Abstract
Background
Digital single‐operator cholangioscopy (DSOC) (SpyGlass DS™, Boston Scientific, MA, USA) allows for high‐definition imaging of the biliary tree. The superior visualization has led to the development of two different sets of criteria to evaluate and classify indeterminate biliary strictures: the Monaco criteria and the criteria in Carlos Robles–Medranda’s publication (CRM). Our objective was to assess the interrater agreement (IA) of DSOC interpretation for indeterminate biliary strictures using the two newly published criteria.
Methods
Forty de‐identified DSOC video recordings were sent to 15 interventional endoscopists with experience in cholangioscopy.
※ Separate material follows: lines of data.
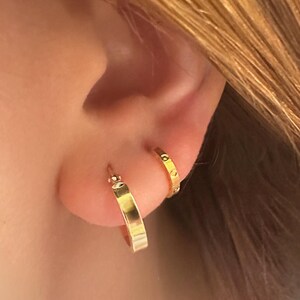 18k Solid Gold Hoop Earrings 14mm / Huggies Loop earrings  / Light weight / Dainty Earrings / Everyday Earrings / Perfect For Ear Stack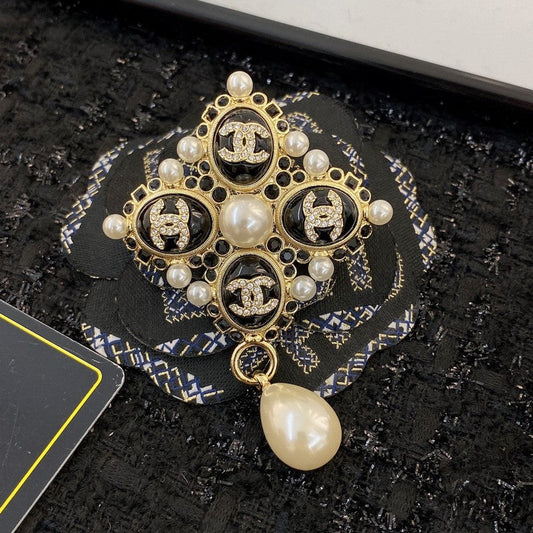CC Pearl Pendant Gold Brooch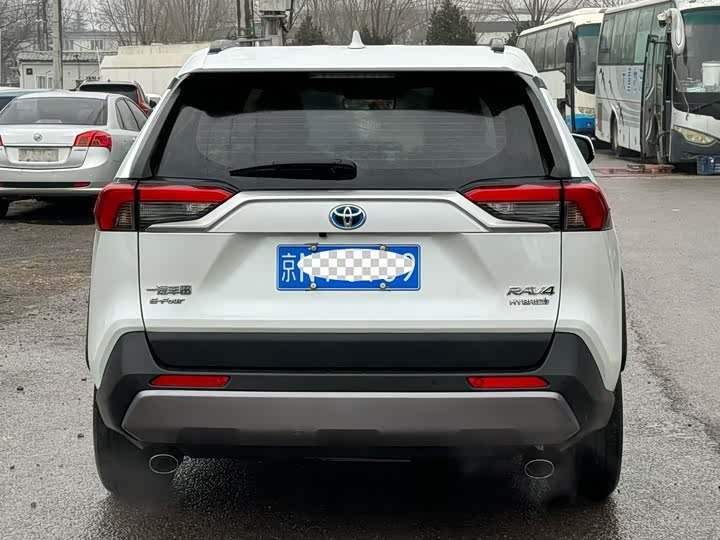Фото 3 - Toyota RAV4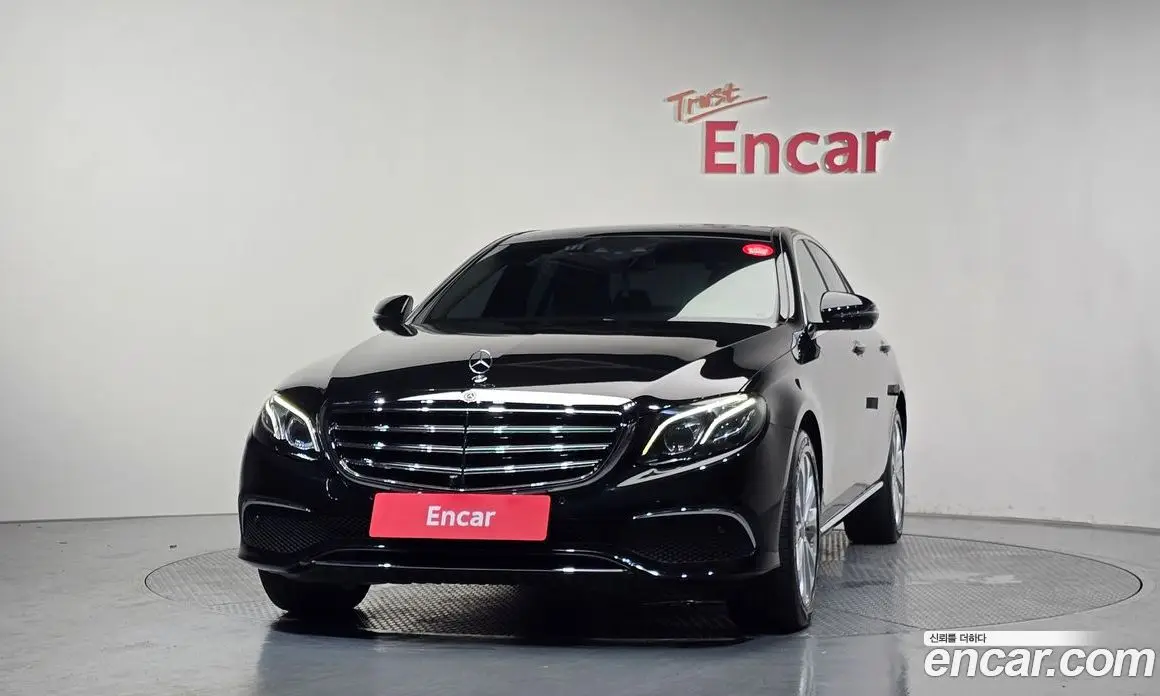 Mercedes-Benz E-Class 2019 2.0 автомат (гидро), фото 3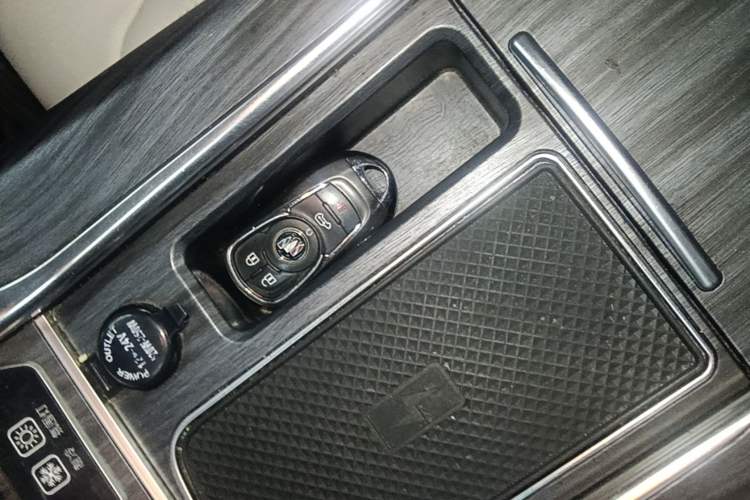Used Buick GL8 2020 Land Business Class 652T Luxury Model Vehicle Key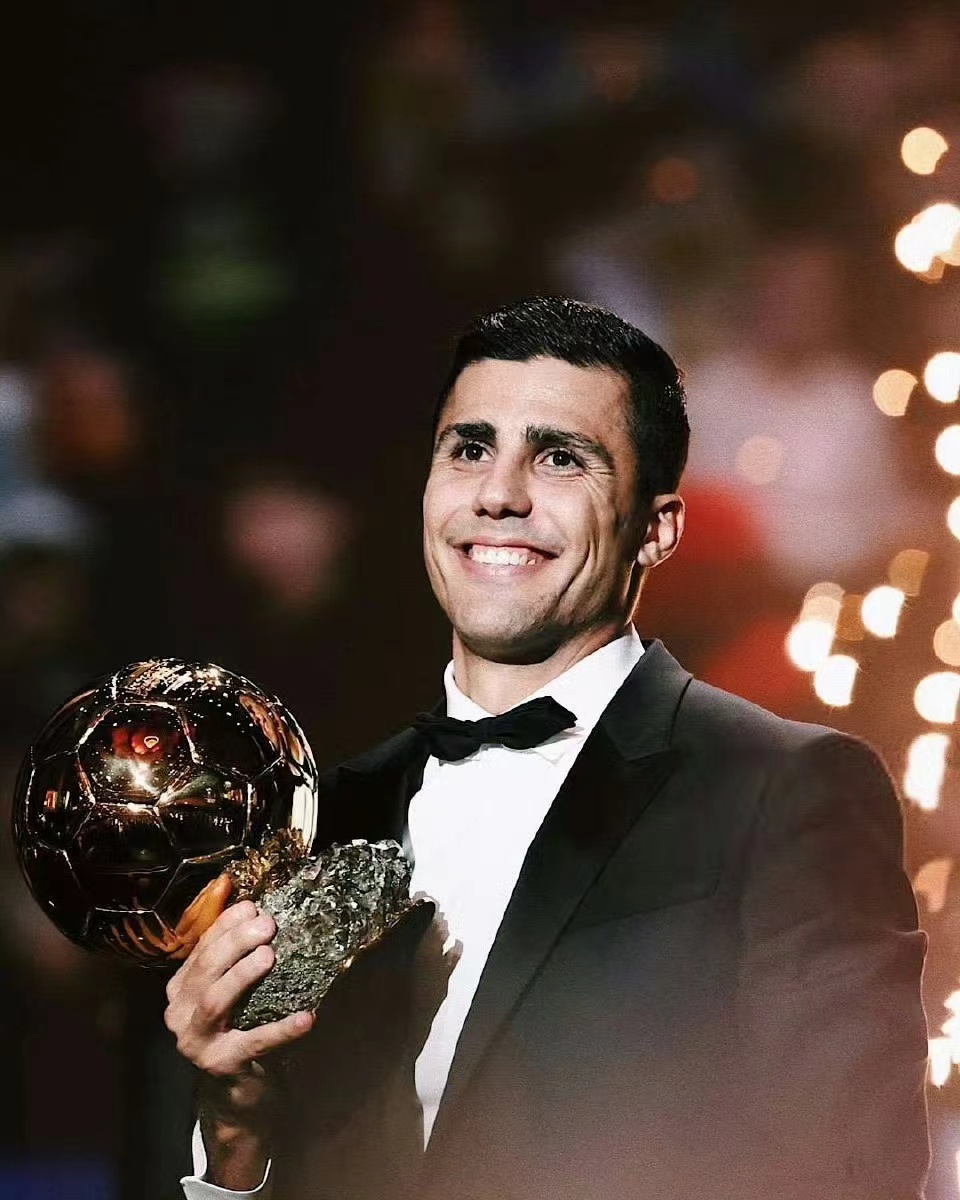 Prvním vítězem Zlatého míče po 90. letech je španělský reprezentant Rodri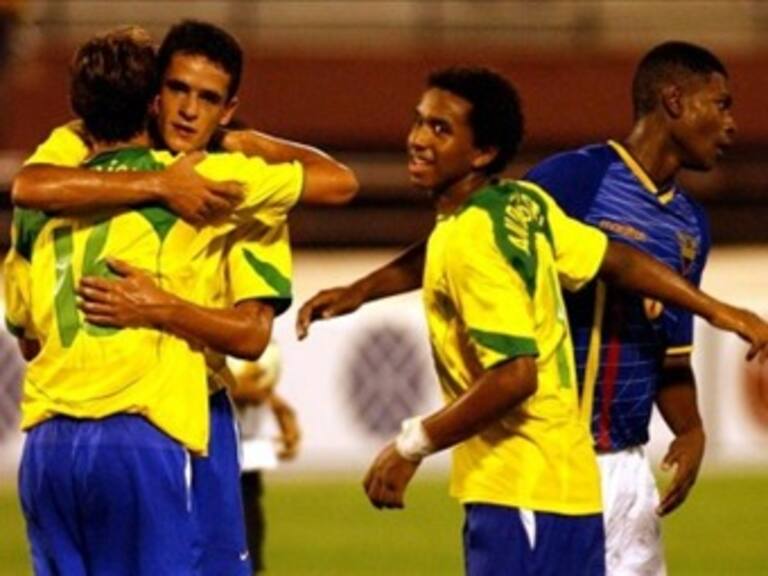 Uruguay y Brasil golean a Nueva Zelanda y Eslovaquia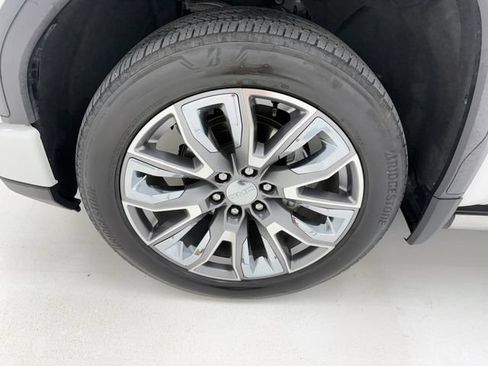 Used 2024 GMC Sierra 1500 Denali w/ Denali Reserve Package AWD/4WD image 7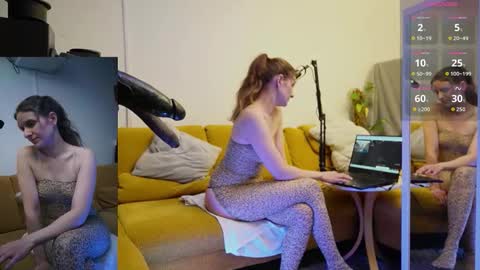 suzannexxxxxx online show from March 1, 2026, 10:23 pm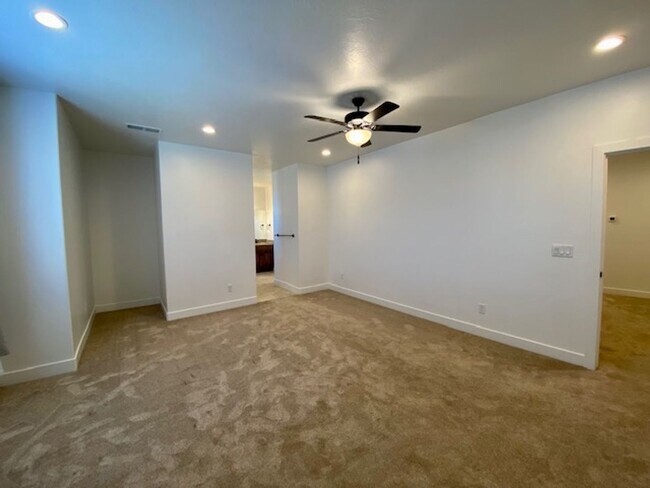 Building Photo - 2473 350 N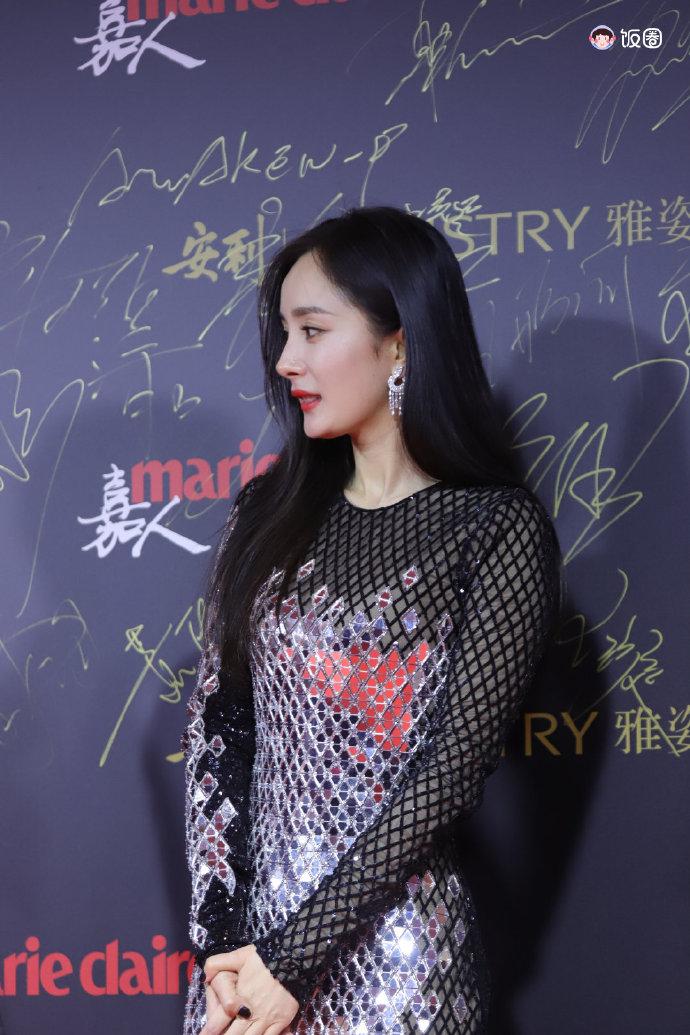 杨幂亮相2018嘉人中国风年度超级盛典,穿银色亮片黑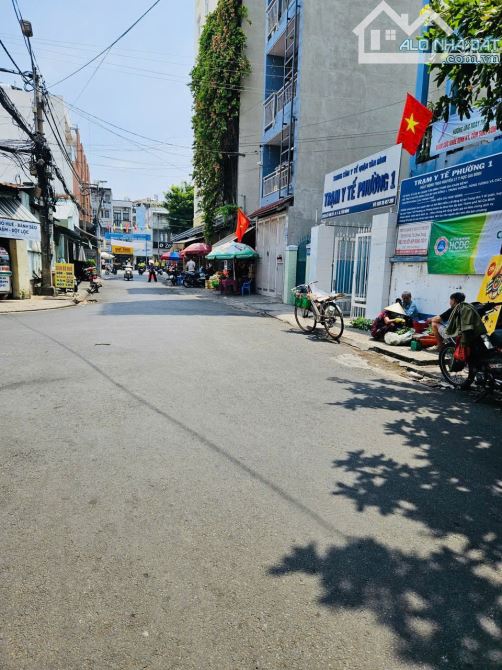 Nhà đẹp - Hẻm 6m gần MT - Lê Văn Sỹ - P1 - Tân Bình - 47m2 - 2 tầng - 3 PN - 8.X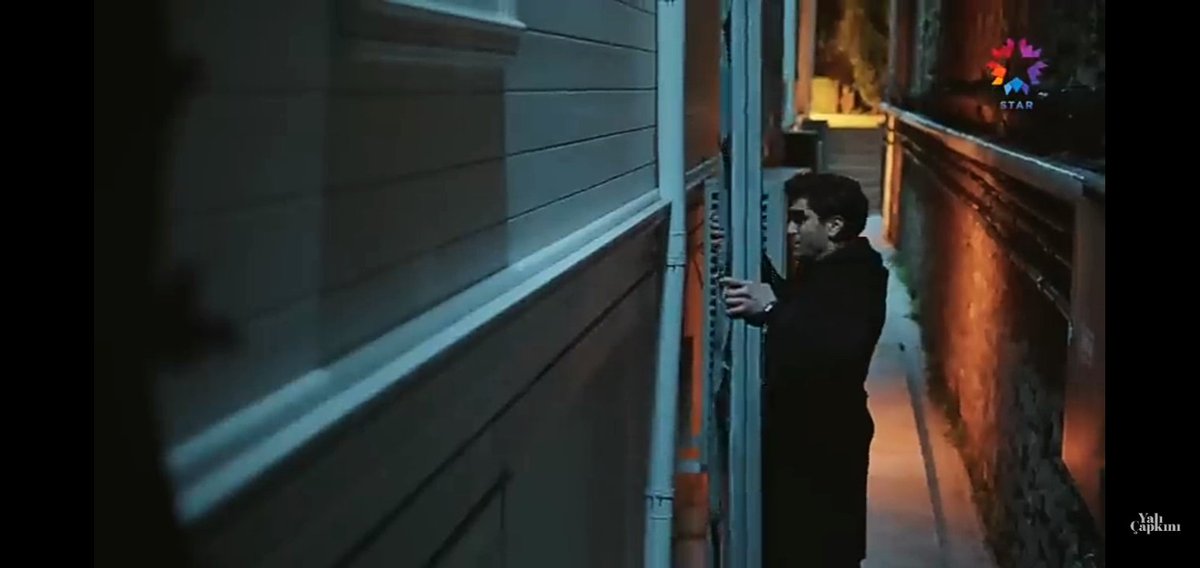 Ferit_GoldenBoy's tweet photo. Si Pelin siempre entra a mi habitación por la ventana.
¿Por qué yo, no?

#GoldenBoyTV #Yalıçapkını https://t.co/QyPQCwhx5c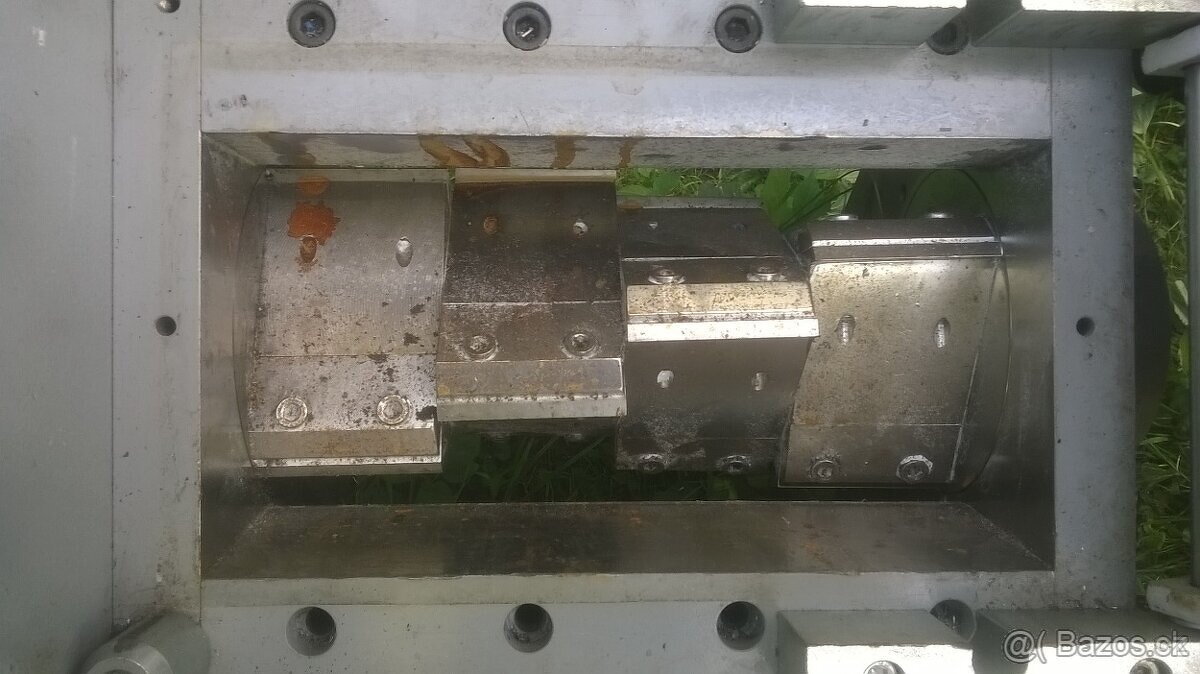 granulátory Piovan - 8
They were asked to score the videos based on the presence of Monaco Classification criteria: stricture, lesion, mucosal changes, papillary projections, ulceration, white linear bands or rings, and vessels. Next, they scored the videos using CRM criteria: villous pattern, polypoid pattern, inflammatory pattern, flat pattern, ulcerate pattern and honeycomb pattern. The endoscopists then diagnosed the recordings as neoplastic or non-neoplastic based on the criteria. Intraclass correlation (ICC) analysis was done to evaluate interrater agreement for both criteria set and final diagnosis.
Results
Recordings of 26 malignant lesions and 14 benign lesions were scored. The IA using both the Monaco criteria and CRM criteria ranged from poor to excellent (range 0.1–0.76) and (range 0.1–0.62), respectively. Within the Monaco criteria, IA was excellent for lesion (0.75) and fingerlike papillary projections (0.74); good for tortuous vessels (0.7), mucosal features (0.62), uniform papillary projections (0.53), and ulceration (0.58); and fair for white linear bands (0.4). Within the CRM criteria, the IA was good for villous pattern (0.62), flat pattern (0.62), and honeycomb pattern; fair for ulcerated pattern (0.56), polypoid pattern (0.52) and inflammatory pattern (0.54). The diagnostic IA using Monaco criteria was good (0.65), while the diagnostic IA using CRM was fair (0.58). The overall diagnostic accuracy using the Monaco classification was 61% and CRM criteria were 57%.
Conclusion
The IOA and accuracy rate of DSOC using visual criteria from both Monaco Criteria and CRM are similar. However, some criteria from both sets suffer from poor IA, thus affecting the overall diagnostic accuracy. More formal training and refinements in visual criteria with additional validation are needed to improve diagnostic accuracy.
Trial Registration
ClinicalTrials.gov Identifier: NCT02166099.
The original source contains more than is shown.